Even during the most severe weather events, there are always some people who remain where they are — either because they do not want to move or they are unable to do so. Often it is the elderly who do not move (because of limited physical mobility or lack of financial resources), racial/ethnic minorities, or people with physical or mental disabilities. 

The ability to rebuild, for those who do not leave, is similarly impacted by class; homeowners are more likely to receive recovery assistance than those who rent or face housing insecurity. Take the example of Puerto Rico, held as a US colony since 1917. Hurricane Maria swept through the island in 2017 just weeks after Hurricane Irma, devastating already weak infrastructures and worsening human rights conditions:

Before the storms, there were major inadequacies in physical infrastructures, and Puerto Ricans on the island had poorer health outcomes than US residents on the mainland, reflecting the effects of the persistent colonialist policies that scar the health and well-being of the people of Puerto Rico.

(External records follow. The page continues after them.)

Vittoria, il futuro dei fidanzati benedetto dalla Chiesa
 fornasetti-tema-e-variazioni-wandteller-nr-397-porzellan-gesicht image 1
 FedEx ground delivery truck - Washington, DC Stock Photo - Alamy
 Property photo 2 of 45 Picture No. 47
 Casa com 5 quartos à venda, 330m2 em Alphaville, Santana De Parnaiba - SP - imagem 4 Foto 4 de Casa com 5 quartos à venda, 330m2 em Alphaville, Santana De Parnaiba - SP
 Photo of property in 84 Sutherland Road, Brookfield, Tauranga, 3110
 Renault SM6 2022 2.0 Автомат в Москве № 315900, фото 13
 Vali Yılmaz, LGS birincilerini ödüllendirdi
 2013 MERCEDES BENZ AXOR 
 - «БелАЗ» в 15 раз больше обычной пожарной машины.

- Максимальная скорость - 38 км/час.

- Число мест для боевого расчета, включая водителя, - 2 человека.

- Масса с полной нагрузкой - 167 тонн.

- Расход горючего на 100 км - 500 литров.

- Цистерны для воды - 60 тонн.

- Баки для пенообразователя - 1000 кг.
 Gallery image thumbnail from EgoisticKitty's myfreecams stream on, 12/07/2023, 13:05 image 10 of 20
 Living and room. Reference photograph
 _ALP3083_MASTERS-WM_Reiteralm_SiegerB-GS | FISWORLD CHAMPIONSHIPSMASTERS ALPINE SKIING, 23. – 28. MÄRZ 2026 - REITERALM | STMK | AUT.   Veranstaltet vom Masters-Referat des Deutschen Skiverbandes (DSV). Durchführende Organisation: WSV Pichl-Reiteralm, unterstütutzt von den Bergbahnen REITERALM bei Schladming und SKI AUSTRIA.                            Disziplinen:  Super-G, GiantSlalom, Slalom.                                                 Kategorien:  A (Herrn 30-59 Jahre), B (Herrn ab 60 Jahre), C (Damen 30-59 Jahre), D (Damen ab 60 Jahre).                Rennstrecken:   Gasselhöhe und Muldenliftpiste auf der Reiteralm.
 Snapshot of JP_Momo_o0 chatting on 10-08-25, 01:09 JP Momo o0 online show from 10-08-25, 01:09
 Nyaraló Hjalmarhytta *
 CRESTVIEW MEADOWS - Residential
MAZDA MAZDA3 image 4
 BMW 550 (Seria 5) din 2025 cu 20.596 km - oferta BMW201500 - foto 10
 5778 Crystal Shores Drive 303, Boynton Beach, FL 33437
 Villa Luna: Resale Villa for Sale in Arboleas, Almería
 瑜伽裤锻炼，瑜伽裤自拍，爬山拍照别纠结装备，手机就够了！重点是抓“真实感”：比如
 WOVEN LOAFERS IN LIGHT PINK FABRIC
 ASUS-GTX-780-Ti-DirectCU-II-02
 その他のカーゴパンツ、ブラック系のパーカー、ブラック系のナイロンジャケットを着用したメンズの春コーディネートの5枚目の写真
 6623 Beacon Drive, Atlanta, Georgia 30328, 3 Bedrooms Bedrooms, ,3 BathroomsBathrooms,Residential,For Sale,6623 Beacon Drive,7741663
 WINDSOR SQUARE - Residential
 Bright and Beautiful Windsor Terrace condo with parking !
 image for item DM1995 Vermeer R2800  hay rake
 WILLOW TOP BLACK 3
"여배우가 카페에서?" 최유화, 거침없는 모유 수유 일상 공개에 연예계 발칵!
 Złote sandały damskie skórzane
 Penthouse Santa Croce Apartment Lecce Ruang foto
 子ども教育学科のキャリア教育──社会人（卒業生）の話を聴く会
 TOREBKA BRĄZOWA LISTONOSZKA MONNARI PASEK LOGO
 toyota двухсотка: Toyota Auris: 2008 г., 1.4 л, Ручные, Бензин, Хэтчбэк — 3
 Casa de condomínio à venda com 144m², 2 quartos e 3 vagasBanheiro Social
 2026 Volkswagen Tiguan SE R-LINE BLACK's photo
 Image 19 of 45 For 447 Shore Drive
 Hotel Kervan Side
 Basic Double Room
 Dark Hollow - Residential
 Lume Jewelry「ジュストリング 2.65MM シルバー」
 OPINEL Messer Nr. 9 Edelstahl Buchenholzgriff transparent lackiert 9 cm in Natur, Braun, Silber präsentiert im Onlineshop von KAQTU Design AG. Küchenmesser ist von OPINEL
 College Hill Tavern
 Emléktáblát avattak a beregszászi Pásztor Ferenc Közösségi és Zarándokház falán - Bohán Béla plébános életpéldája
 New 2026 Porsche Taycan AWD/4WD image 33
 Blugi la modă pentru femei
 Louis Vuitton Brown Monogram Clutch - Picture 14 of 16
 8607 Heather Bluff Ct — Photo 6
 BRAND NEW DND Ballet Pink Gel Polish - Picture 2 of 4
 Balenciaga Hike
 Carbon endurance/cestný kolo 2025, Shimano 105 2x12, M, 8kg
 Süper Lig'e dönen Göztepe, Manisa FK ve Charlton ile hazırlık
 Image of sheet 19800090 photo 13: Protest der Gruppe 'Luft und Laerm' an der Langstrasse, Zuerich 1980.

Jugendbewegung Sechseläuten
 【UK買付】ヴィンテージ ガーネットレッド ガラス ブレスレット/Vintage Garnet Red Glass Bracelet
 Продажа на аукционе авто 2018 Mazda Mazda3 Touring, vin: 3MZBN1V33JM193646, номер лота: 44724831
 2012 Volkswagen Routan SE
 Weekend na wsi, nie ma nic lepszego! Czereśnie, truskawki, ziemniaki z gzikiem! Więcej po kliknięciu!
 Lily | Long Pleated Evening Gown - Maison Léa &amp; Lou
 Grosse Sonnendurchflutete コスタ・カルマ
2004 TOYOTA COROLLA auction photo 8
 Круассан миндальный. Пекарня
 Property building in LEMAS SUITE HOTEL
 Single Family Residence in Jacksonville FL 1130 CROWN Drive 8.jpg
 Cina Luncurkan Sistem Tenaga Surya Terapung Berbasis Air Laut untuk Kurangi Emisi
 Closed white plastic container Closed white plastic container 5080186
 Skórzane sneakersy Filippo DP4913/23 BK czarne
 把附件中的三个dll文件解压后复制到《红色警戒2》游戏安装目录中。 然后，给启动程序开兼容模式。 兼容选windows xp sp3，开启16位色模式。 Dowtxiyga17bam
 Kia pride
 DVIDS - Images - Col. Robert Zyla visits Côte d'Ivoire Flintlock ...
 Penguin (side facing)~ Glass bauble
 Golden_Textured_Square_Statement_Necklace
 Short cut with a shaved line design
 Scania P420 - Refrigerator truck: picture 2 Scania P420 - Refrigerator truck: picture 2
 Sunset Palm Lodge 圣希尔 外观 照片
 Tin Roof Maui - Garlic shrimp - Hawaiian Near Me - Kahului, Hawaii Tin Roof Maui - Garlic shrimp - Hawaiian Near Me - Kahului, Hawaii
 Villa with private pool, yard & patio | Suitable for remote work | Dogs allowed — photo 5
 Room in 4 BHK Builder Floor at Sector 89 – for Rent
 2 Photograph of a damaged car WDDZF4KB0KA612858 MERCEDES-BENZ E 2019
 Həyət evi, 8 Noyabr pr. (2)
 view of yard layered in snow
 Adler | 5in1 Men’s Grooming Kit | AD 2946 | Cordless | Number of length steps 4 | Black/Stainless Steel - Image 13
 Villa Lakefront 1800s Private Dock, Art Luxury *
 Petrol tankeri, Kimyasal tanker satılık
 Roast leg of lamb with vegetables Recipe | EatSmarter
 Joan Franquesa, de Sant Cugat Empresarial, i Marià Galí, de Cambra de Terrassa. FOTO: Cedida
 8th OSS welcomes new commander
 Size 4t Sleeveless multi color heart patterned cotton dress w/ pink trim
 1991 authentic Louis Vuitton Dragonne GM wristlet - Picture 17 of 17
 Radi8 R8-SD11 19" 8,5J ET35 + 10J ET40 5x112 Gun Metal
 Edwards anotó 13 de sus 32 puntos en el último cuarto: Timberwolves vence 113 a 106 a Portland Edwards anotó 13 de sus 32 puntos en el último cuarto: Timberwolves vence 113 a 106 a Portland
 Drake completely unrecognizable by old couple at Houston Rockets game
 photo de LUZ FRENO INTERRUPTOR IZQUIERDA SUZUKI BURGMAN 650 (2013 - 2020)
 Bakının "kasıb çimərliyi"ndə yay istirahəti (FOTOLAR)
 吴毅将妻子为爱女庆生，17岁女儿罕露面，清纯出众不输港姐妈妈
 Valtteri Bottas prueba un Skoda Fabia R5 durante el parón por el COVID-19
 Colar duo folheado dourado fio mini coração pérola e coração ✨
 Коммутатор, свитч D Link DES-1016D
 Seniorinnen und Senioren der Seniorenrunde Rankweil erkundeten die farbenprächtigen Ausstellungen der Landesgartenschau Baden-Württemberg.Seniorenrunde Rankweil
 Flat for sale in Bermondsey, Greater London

The response from the US government in the aftermath of the storms was abysmal. Nearly 3,000 Puerto Ricans--largely poor, elderly, or disabled--died in the months following the storms due to lack of resources and an 11-month long electrical grid blackout, all spurred by a slow and underwhelming aid response from the Trump administration. Though 90% of households in Puerto Rico applied for assistance, by May 2021 (over three years after the hurricanes) it was estimated that 18,000 families were still living under tarps instead of in their homes.

The people who are paying the ultimate price for the impacts of climate change are the poor, working class of the world, not the governments and corporations that propagate climate change in the first place. Under capitalism, there will never exist any meaningful ways to hold the ruling class accountable for their role in the creation of the deteriorating biosphere we find ourselves in; this is all merely an inevitable side effect of their never-ending lust for profit.

Conclusion

Taking this into account, the logical endpoint of capitalism is a world in which everyone, save for an ever-shrinking state protected minority who has consolidated wealth and power, suffers in totality. The destruction and loss of life brought about by natural disasters make clear that we currently lack the structures necessary to combat the current effects of climate change, let alone address the root problems plaguing our planet to begin with.

We are staring down the barrel of an increasingly hostile and uninhabitable environment, and soon there will be nowhere on the planet where you can run to escape its effects. With all other options exhausted, the working peoples of the world, have but one option: stand and fight. This is not an matter that can be ignored, endured, or left in the hands of a government that absolutely does not have your best interests at heart. Your participation in the preservation of your own future, and that of future generations, is not optional.